WASHINGTON — For Mike Pence, a second term for President Donald Trump would have been a 2024 ticket to Republican frontrunner status.
But with Trump's loss — after Pence spent the last four years as his most loyal soldier and the past year doggedly campaigning on his behalf — the vice president is contending with a far less certain future. The situation is made even more complicated by Trump's refusal to accept defeat and private flirtations with running again himself four years from now.
It's a balancing act for Pence. He cannot risk alienating supporters of the president who want to see Trump —- and by extension the vice president -- keep on fighting. But Pence also risks damaging his own brand if he aligns himself too closely with baseless claims of voter fraud.

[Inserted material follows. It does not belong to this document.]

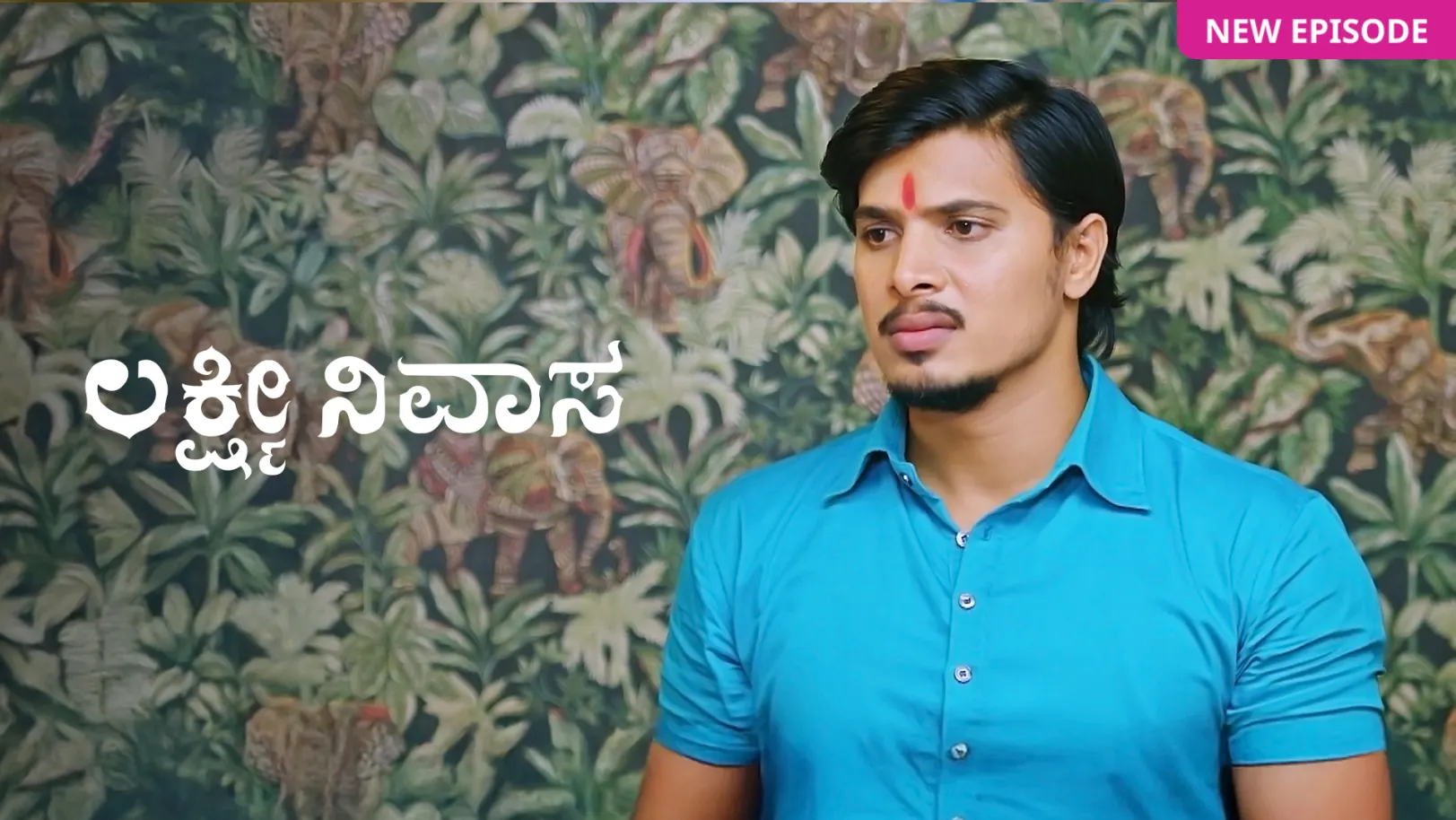 Lakshmi Nivasa TV Show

"Pence is trying to navigate between the land mines of a president who insists on total fealty and protecting his options for his own political future," said Dan Eberhart, a prominent Republican donor and Trump backer.
"Any Republican who is thinking about running for office in the next four years is definitely looking at that and trying to figure out which way the political winds are going to blow," Eberhart said.
Pence has remained largely out of public view since early last Wednesday, when Trump took the stage at a White House election watch party and falsely claimed he had won. In remarks that lasted under a minute, Pence notably did not echo the president's claim to victory, even as he pledged to "protect the integrity of the vote."
"We are going to keep fighting until every legal vote is counted and until every illegal vote is thrown out," Pence said Friday in a speech to conservative youth in Virginia, though he gave no evidence of illegal voting. "And whatever the outcome at the end of the process, I promise you: We will never stop fighting to make America great again."
While other Trump allies have appeared at news conferences and done interviews in recent days trumpeting unsupported allegations of voter fraud, Pence has lain low, seen only at a wreath-laying ceremony on Veterans Day and at a closed-door Senate luncheon. He had planned to go on vacation in Florida but canceled, in part because of bad weather and in part because of the circumstances.